Extensible Matching

Implementing Extensible Patterns

One way to implement an extensible pattern matcher would be a long if-then-else conditional, e.g.,

(defun pat-match (pat form &optional (blists '(nil)))
  (cond ((eql pat form) blists)
        ((or (atom pat) (atom form)) nil)
        ((eql (first pat) '?) (match-variable pat form blists))
        ((eql (first pat) '?is) (match-predicate pat form blists))
        ((eql (first pat) '?and) (match-and pat form blists))
        (t match car and cdr)))

The problem is that pat-match will get pretty long, but never long enough. If we or some programmer using our matcher wants a new extension, they're going to have to edit this definition.
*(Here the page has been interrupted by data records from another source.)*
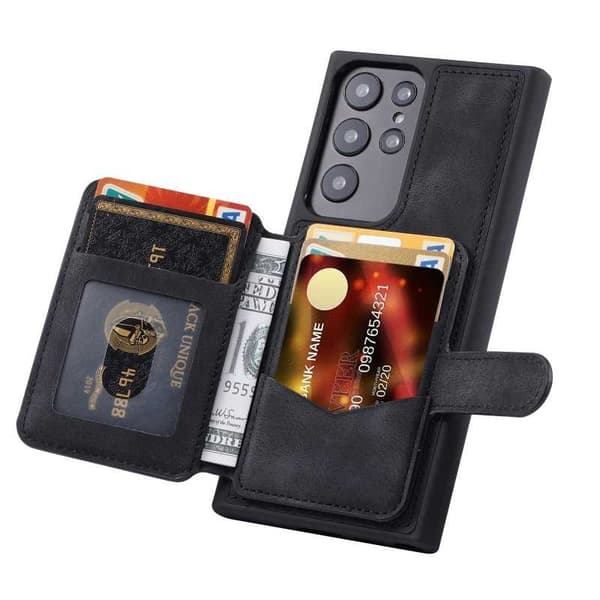 Samsung S22 Ultra Iskunkestävä Premium Cover 7-SLOT Solid V6 Nordcell™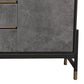 Cid Rue 59 Inch Buffet Sideboard 2 Cabinets 3 Drawers Black Brown Gold By Casagear Home BM317319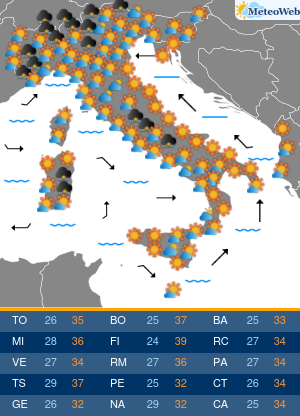 Domenica 2 Agosto Previsioni Meteo Domenica 2 Agosto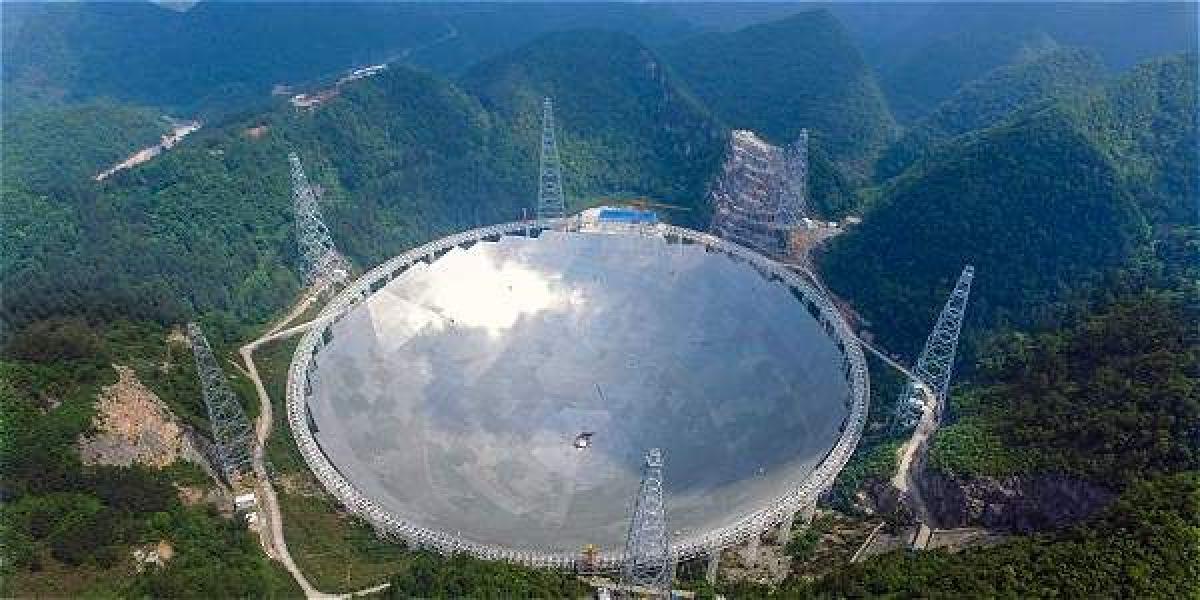 El radiotelescopio Fast está ubicado en la provincia de Guizhou (suroeste de China).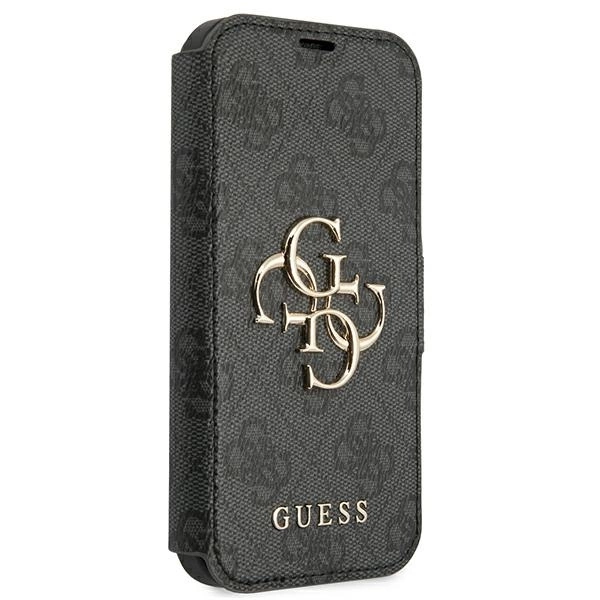 Etui Guess 4G Big Metal Logo na iPhone 13 Pro Max 6,7" - szare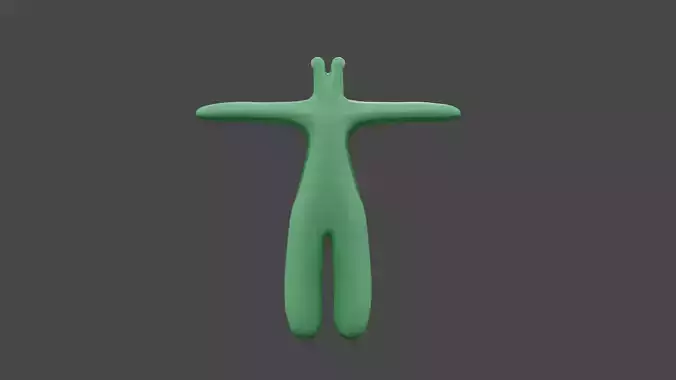 Dino-mite Delight Cartoon 3D Model Roaring with Charm Low-poly 3D model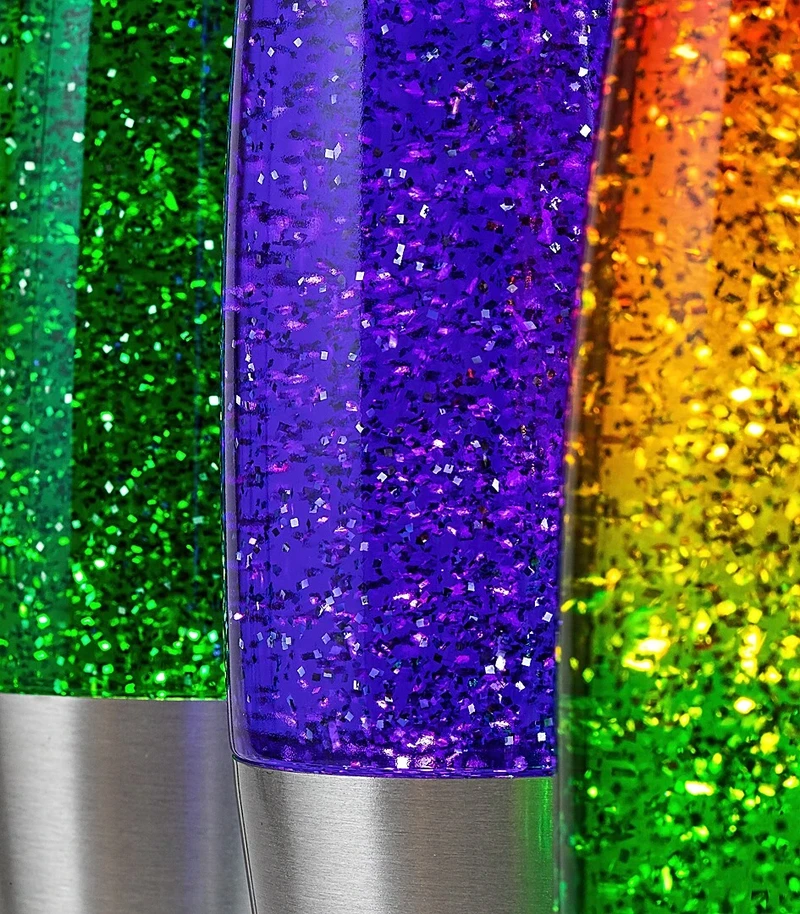 Glitter2 – декоративна LED лампа в сребристо с прозрачно стъкло, Ø75мм, 3000K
The right way to do this is to replace the above with

(defun pat-match (pat form &optional (blists '(nil)))
  (cond ((pat-extension-p pat)
         (match-extension pat form blists))
        ((eql pat form) blists)
        ((or (atom pat) (atom form)) nil)
        (t (pat-match (cdr pat) (cdr form)
             (pat-match (car pat) (car form) blists)))))
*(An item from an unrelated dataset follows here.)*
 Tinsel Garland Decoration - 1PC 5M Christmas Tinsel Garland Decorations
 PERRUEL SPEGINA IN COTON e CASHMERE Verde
This code presumes that pat-extension-p can determine if an item is a defined pattern extension. This is the approach taken in extend-match.lisp.
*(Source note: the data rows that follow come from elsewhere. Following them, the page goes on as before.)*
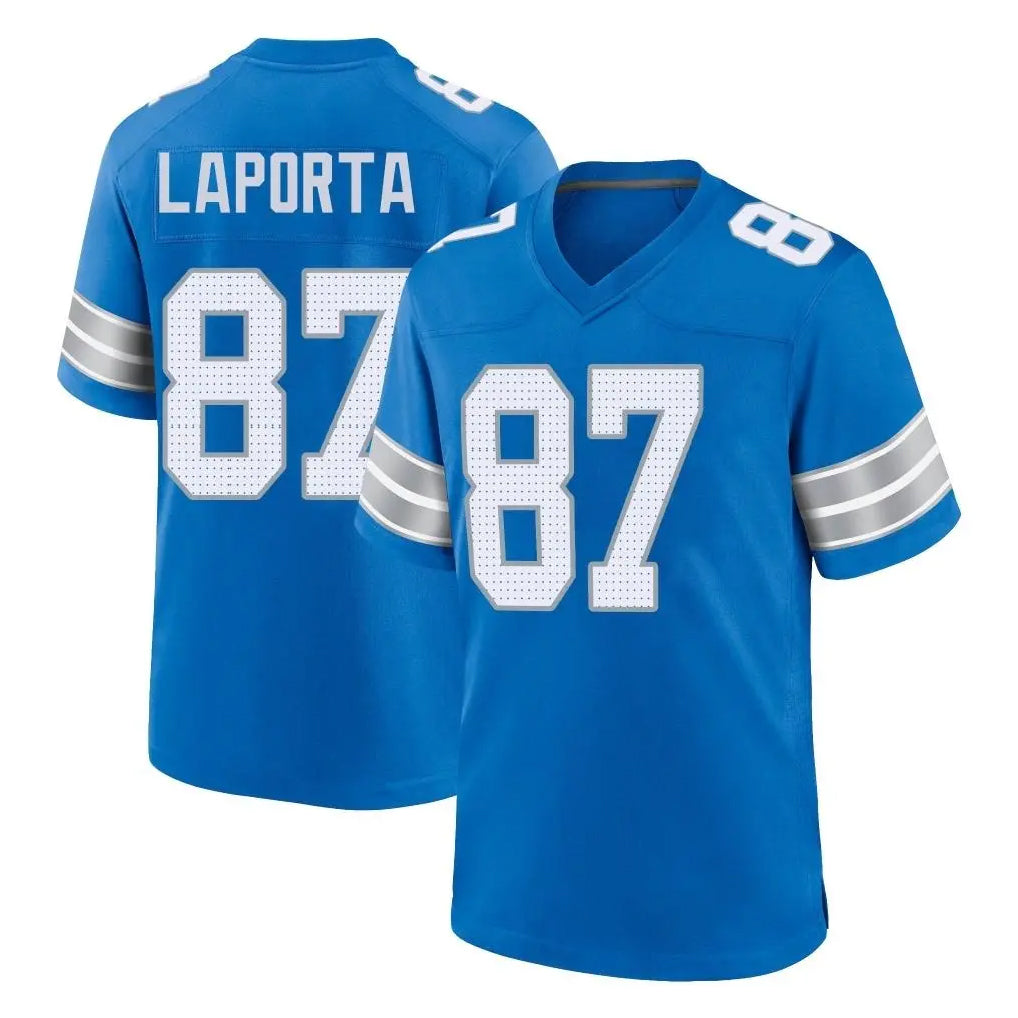 Vanessashop D.Lions #87 Sam LaPorta Player Blue Alternate Home Game Stitched Jerseys
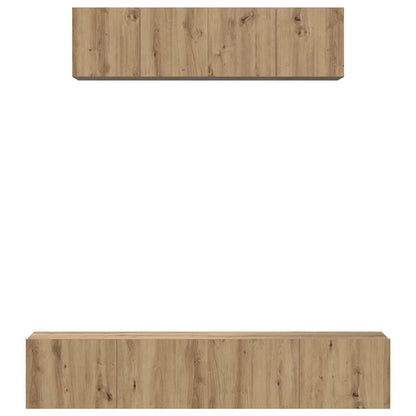 Set di mobili TV 4 pcs rovere artigianale Legno multistrato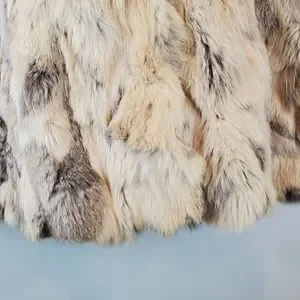 Vintage Lord Taylor 100% Rabbit Fur Cape Coat Size L XL Womens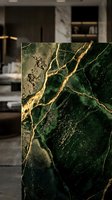 Green marble stone with gold veining texture, isolated on white background, suitable for interior design, luxury home decor, flooring, countertops, and architectural visualization projects.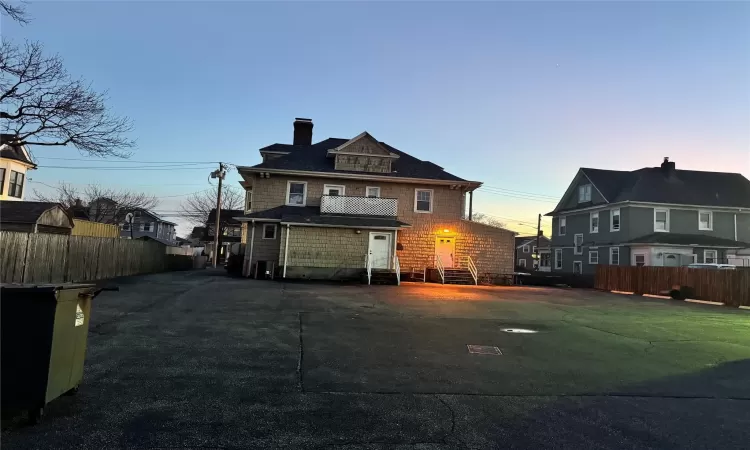 View of back house at dusk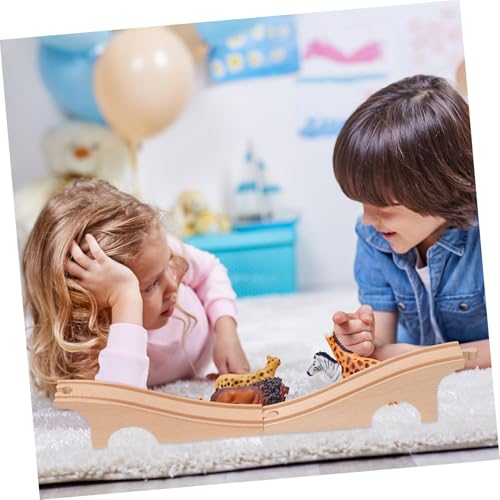 CORHAD Holzeisenbahn Erweiterungsbrücke aus Hochwertigem Holz Dreifach Design Pädagogisches Kinderspielzeug zur Eisenbahnstreckenerweiterung Sicher und Spielerisch für Jungen und Mädchen CORHAD Holzeisenbahn Erweiterungsbrücke aus Hochwertigem Holz Dreifach Design Pädagogisches Kinderspielzeug zur Eisenbahnstreckenerweiterung Sicher und Spielerisch für Jungen und Mädchen von CORHAD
But wait! Don't we have to implement pat-extension-p and match-extension with conditionals?

The key is to define pat-extension-p and match-extension to look in a table. The table associates a symbol, e.g., ?NOT, with a function to call to match patterns involving that symbol. How we implement this table isn't important. We could use a-lists or hashtables or whatever.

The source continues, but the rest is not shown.